>>>>

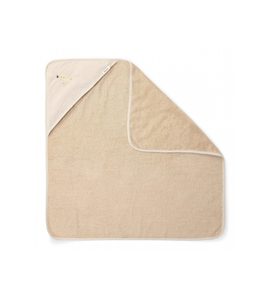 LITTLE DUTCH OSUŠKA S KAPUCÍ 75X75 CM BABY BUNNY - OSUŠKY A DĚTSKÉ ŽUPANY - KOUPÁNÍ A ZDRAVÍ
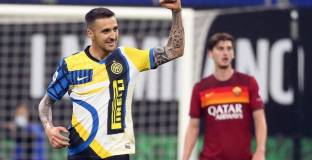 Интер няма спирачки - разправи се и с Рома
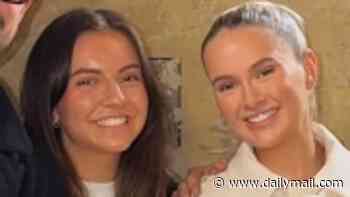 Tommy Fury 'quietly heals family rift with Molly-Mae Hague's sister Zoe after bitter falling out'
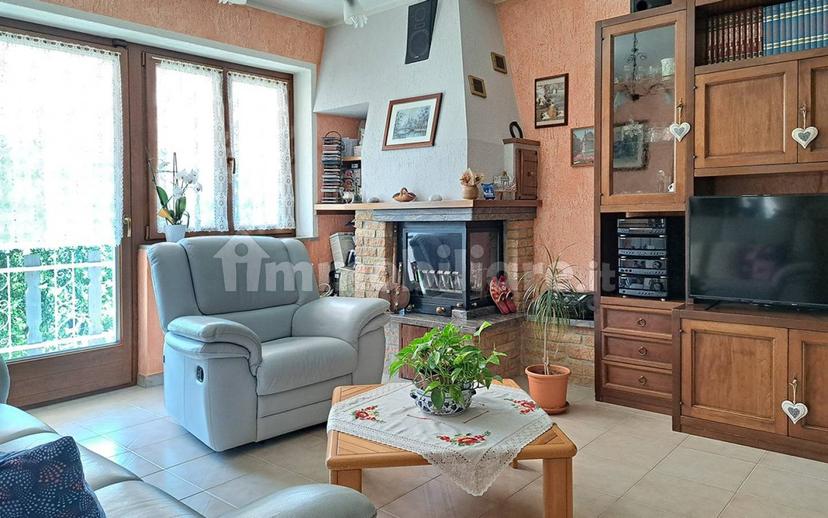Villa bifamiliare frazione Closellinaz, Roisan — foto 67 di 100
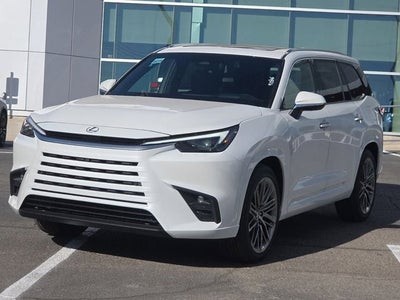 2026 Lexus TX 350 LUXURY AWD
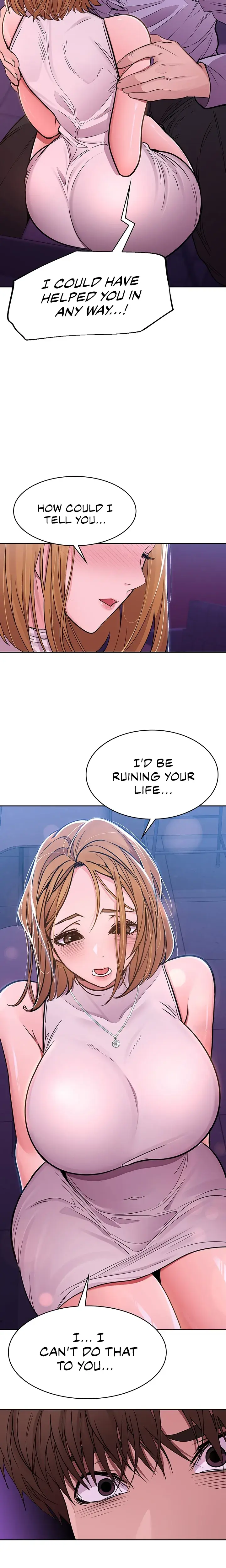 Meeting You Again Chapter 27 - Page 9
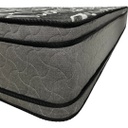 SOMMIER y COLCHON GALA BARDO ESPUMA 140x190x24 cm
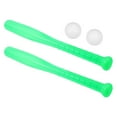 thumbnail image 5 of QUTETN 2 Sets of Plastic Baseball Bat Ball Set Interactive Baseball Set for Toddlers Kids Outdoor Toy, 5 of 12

<<<<
>>>>

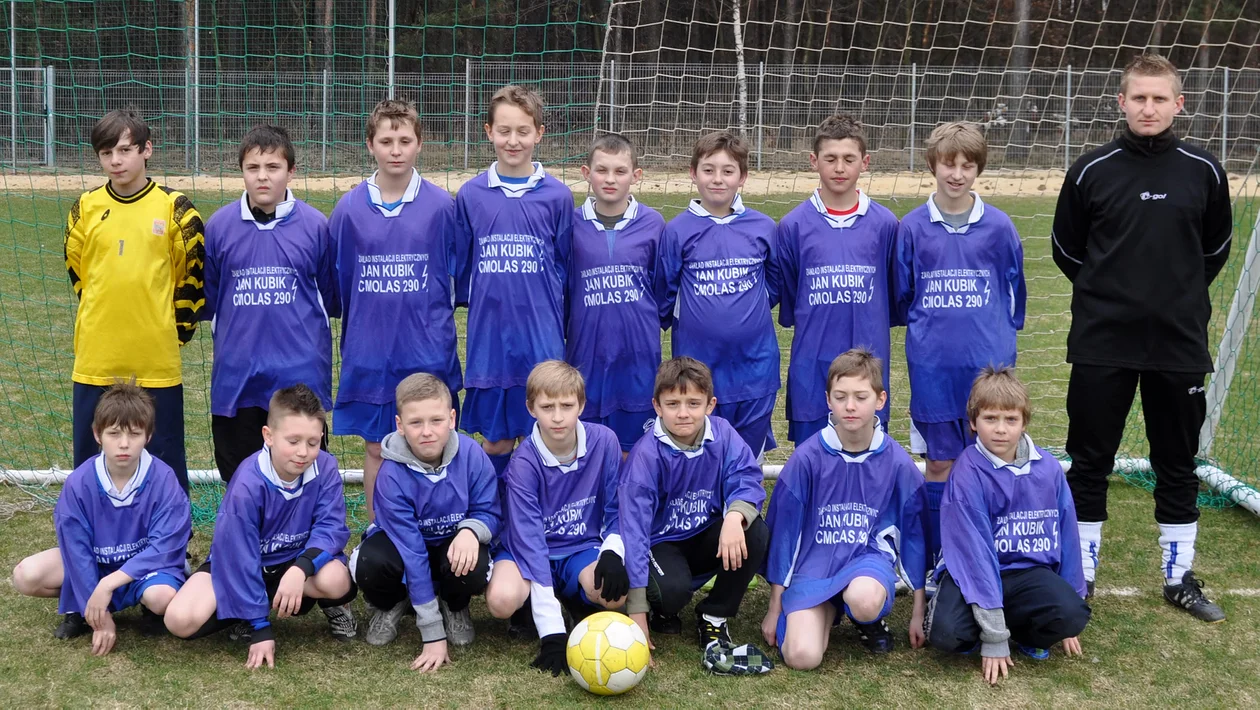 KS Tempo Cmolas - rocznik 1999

<<<<

• **TASK STATEMENT**: Once the line with "Villa bifamiliare frazione" is found in the data above, reproduce it and each line after it exactly, through the line with "thumbnail image 5". Omit the pictures.

• **RESULT**:
Villa bifamiliare frazione Closellinaz, Roisan — foto 67 di 100
 2026 Lexus TX 350 LUXURY AWD
 Meeting You Again Chapter 27 - Page 9
 SOMMIER y COLCHON GALA BARDO ESPUMA 140x190x24 cm
 thumbnail image 5 of QUTETN 2 Sets of Plastic Baseball Bat Ball Set Interactive Baseball Set for Toddlers Kids Outdoor Toy, 5 of 12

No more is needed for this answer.